Asperuloside (ASP) is an iridoid glycoside derived from the leaves of the Eucommia tree (Eucommia ulmoides Oliv.). Its bark (Cortex Eucommiae) has been traditionally used in Chinese medicine for its analeptic, analgesic, sedative, antihypertensive, and diuretic properties. In recent years, Eucommia leaves have been shown to curb obesity (Hosoo et al., 2015), an effect that was linked to the main active compound, asperuloside (ASP) (Hirata et al., 2011). A previous study showed that administration of ASP reduced body weight gain by reducing visceral fat mass (Hirata et al., 2011). However, the underlying mechanism of how ASP affects weight gain and influences other obesity-related disorders remains unknown.

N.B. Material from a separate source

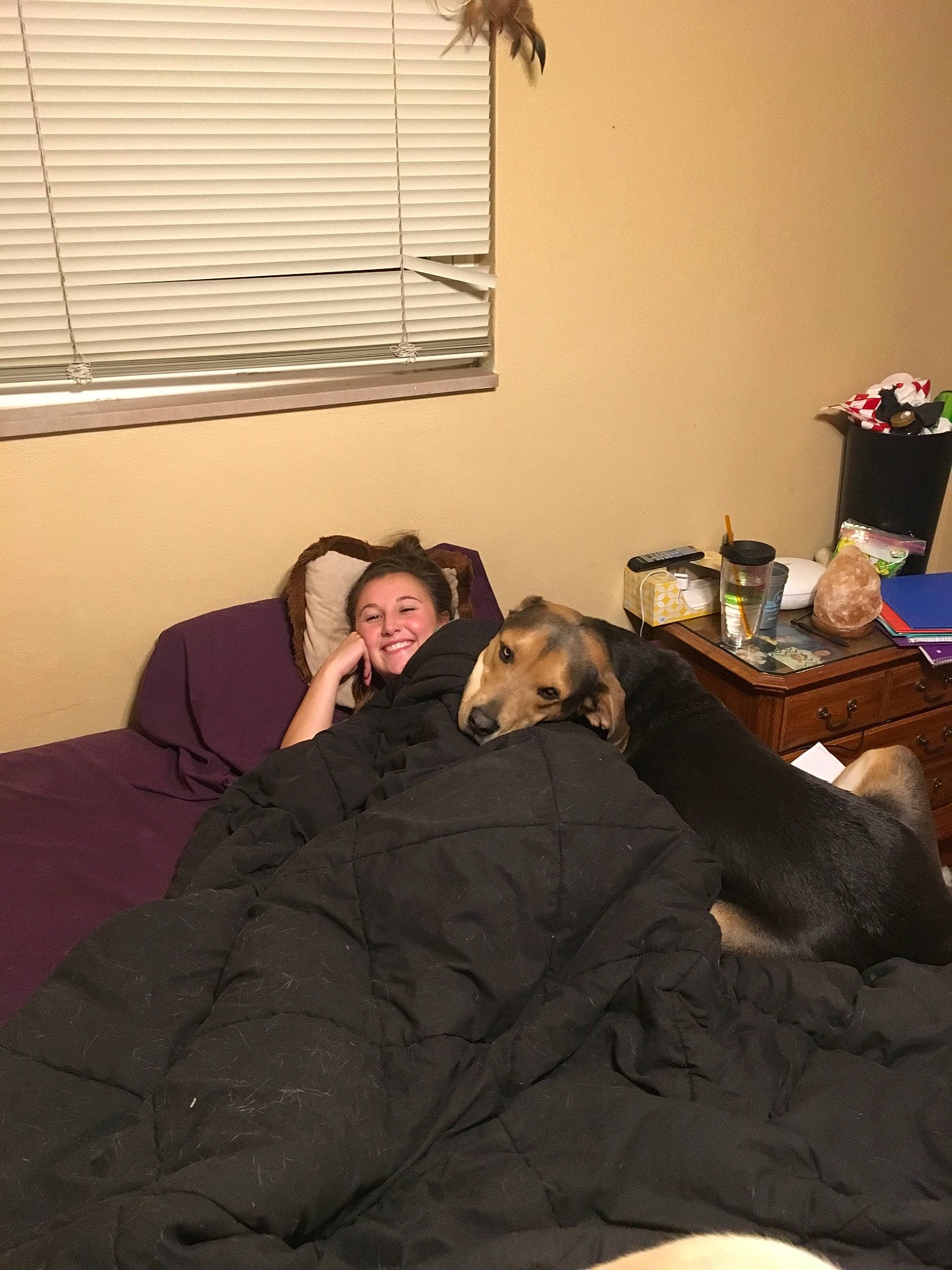 Roscoe joined the competition — help win amazing prizes! bed, canidae, carnivore, comfort, couch, dog, dog_breed, fawn, floor, furniture, guard_dog, interior_design, joy, person, room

Several compounds included in Chinese medicine are metabolized by gut bacteria into active intermediates (Lee et al., 2012). Here we report that ASP changes the gut microbiota composition and the production of secondary metabolites, affects whole-body signaling, and thereby curbs obesity and its related metabolic dysfunctions.

Results

ASP Prevents High-Fat-Diet-Induced Obesity

First, we evaluated the metabolic phenotype of male mice fed normal chow (control), a high-fat diet (HFD), or a high-fat diet supplemented with ASP (HFD-Asp) for 12 weeks starting at the age of 5 weeks. When compared with animals fed chow, high-fat-fed animals gained significantly more weight. However, mice fed a HFD with ASP were resistant to body weight gain and their body weight remained similar to the control group (Figure 1A). There was no significant difference between the energy intakes of HFD- and ASP-treated mice (Figure 1A). In addition, liver, epididymal white adipose tissue (epiWAT), and mesenteric WAT (mWAT) mass were all decreased in ASP-treated mice (Figure 1B). Furthermore, serum triglycerides (TG) were significantly lower and total cholesterol levels tended to decrease in ASP-treated animals, whereas free fatty acid levels were similar in the ASP and HFD treatment groups (Figure 1C). These results suggest that ASP reduces body weight gain and fat accumulation, as well as serum lipid parameters induced by HFD.

Figure 1.

Figure 1

ASP Prevents High-Fat Diet-Induced Obesity and Improves Glucose Tolerance and Insulin Resistance

(A–G) Male C57BL/6J mice aged 5 weeks were fed with a control diet (10% kcal fat; Control), a high-fat diet (60% kcal fat; HFD), or a high-fat diet supplemented with 0.25% w/w asperuloside (HFD-Asp) for 12 weeks (n = 5-7 for each group). (A) Body weight evolution and food intake of C57BL/6J mice in the different diet groups. Energy intake was measured as the average food intake per mouse in a week. (B) Comparison of liver, mWAT, and epiWAT tissue weights after 12 weeks of treatment with different diets. (C) Plasma total cholesterol (Tcho), triglyceride (TG), and free fatty acid (FFA) levels after 12 weeks of ASP supplementation. (D) Serum glucose levels and AUC during OGTT. (E) Plasma insulin concentration during OGTT. (F) Plasma active GLP-1 levels 10 min after administration of glucose during the OGTT. (G) The reduction of serum glucose levels and AUC during IPITT.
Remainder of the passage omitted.